Operational intelligence also requires different skills than most organizations are likely to have. Implementing Operational Intelligence in your organization will be both easier and more complicated than you might imagine. The key issues you’ll have to address, from easier to more complex, are:

  • Easier: Assess your organization’s affinity for certain issues. Until recently, understanding silos of operational systems was more or less a manual effort, even with the assistance of software tools. Much more automated data discovery and integration of data sources are available today, and design requirements for the target systems are much less restrictive. Greater capacity eliminate the need for single schema, indexing, and other “tuning” for specific tasks.
  • More difficult: Initiate programs to affect other changes, which will take time. Most development and spending on enterprise systems tried to address the problem of automating and improving business processes at an operational level. Analytics was of secondary concern. As a result, the functioning of those systems is not conducive to analytical processing.
  • Most Complex: Discover exposures due to a range of “gotchas.” Operational systems in organizations are composed of a collection of legacy systems that are not amenable to grafting analytical processes to them.
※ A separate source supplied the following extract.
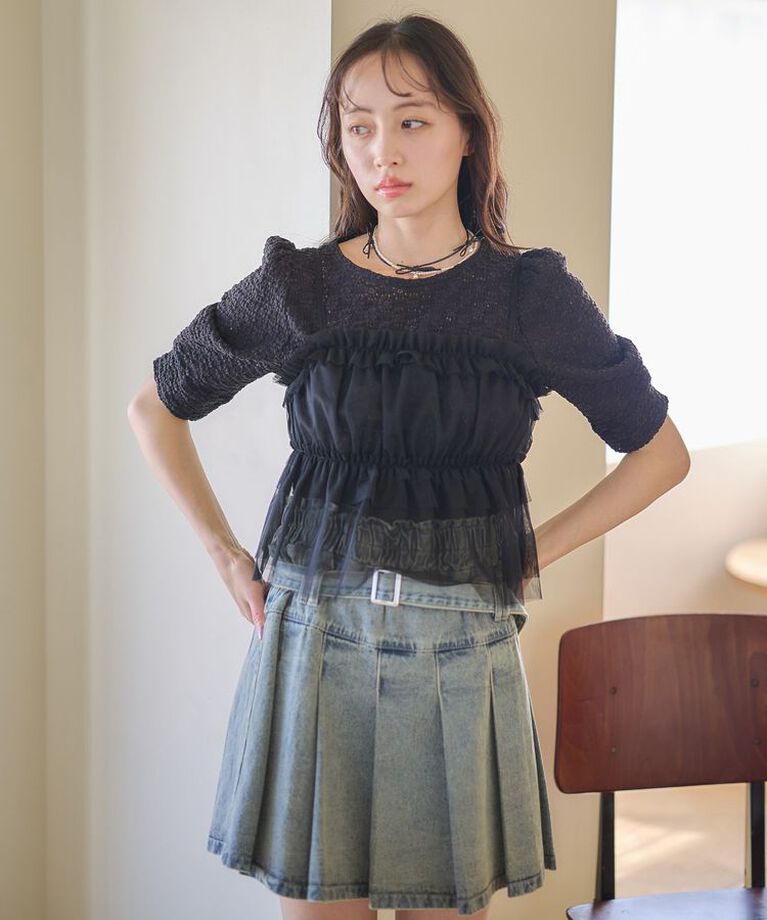 earth music&ecology「SET2点フラワープルオーバー＋チュールビスチェ　25SS　夏」|Tシャツ・カットソー|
Easier: Assess Your Organization’s Affinity For These Issues Now

It is now not only possible, but reasonable to assemble a platform to provide real-time answers and decisions from both internal and external data, at tremendous volumes and speed, and at costs considerably lower than just a few years ago. In additional, most enterprise software vendors have already embedded analytics into their products. Whether that is sufficient for your purposes needs to be determined on an individual basis. Obviously, SAP, Oracle, Salesforce, for example, are players, as are many smaller vendors.
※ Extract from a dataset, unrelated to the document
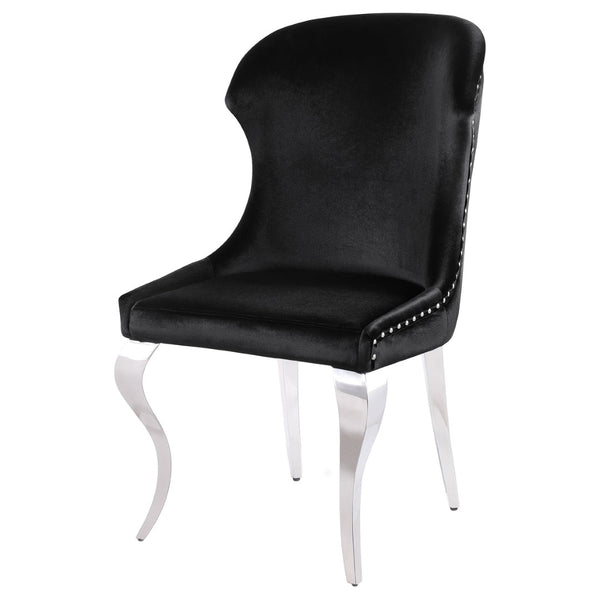 English Elm Daphne Velvet Wingback Dining Chairs with Nailhead Trim and Cabriole Legs Set of 2 Black B062S01462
It is also easier today to overcome the cultural issues that separate IT (operational) and the rest of the business (analytical), a trend that emerged about 10 years ago. There is a clear trend of technology vendors and the Open Source community quickly developing tools for business analysts to use to make Operational Intelligence more accessible. Intelligent operations require one more essential factor: a desire to change decision processes and to learn to apply today’s quantitative, stochastic and machine learning capabilities to your operations.
It is not easy. Those who have to make the greatest adjustment are typically those who have the least understanding how these systems reason and work. That takes time and finesse. It is wise to start small, and pick an area that can have some noticeable impact but is constrained enough to be manageable as an initial learning project. Build confidence in the approach and grow from there.
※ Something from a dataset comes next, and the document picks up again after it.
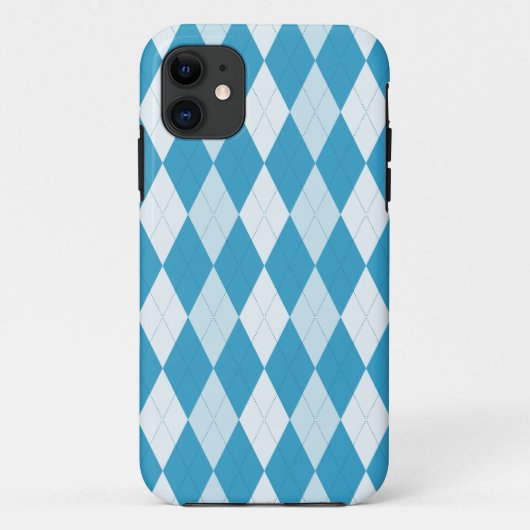 Peacock Blue Argyle Small Diamond Shape Case-Mate iPhone Case (Achterkant)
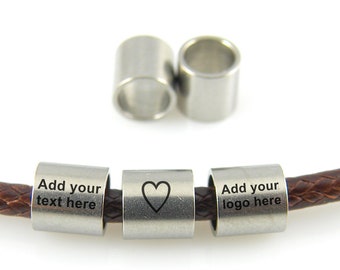 Personalized Cylinder Spacer Bead Custom Text Beads Engraved Stainless Steel Spacer Beads 1/10/100pcs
More Difficult: Initiate Programs to Effect Necessary Changes, Which Will Take Time

The drive to automate business processes of the past few decades, typically those modeled with BPM (Business Process Modeling) tools, generated systems that were too specific in many cases, and employed too many “human exits” when it became too difficult for the modeling tool to model the business process. Operational Intelligence is most effective without these human exits. These systems tend to be very brittle and there is little interest in opening them up. In research reported by Mulesoft, 2017 Connectivity Benchmark Report, 65% of surveyed Information Management Decision Makers consider legacy systems “very” or “extremely” important. Digitally transforming while maintaining legacy systems is critical for Information Management Decision Makers.

Most Complex: Discover Exposures Due To a Range of “Gotchas”

Key operations in organizations are run by so-called “shadow systems” that may be controlled by departments or even individuals, running on obsolete platforms, in Excel spreadsheets or even compiled systems whose source code is lost. Many of these systems arose due to a need for functionality not provided by IT, and even perform important functions, but It will be difficult to integrate data in a timely manner from many of these systems.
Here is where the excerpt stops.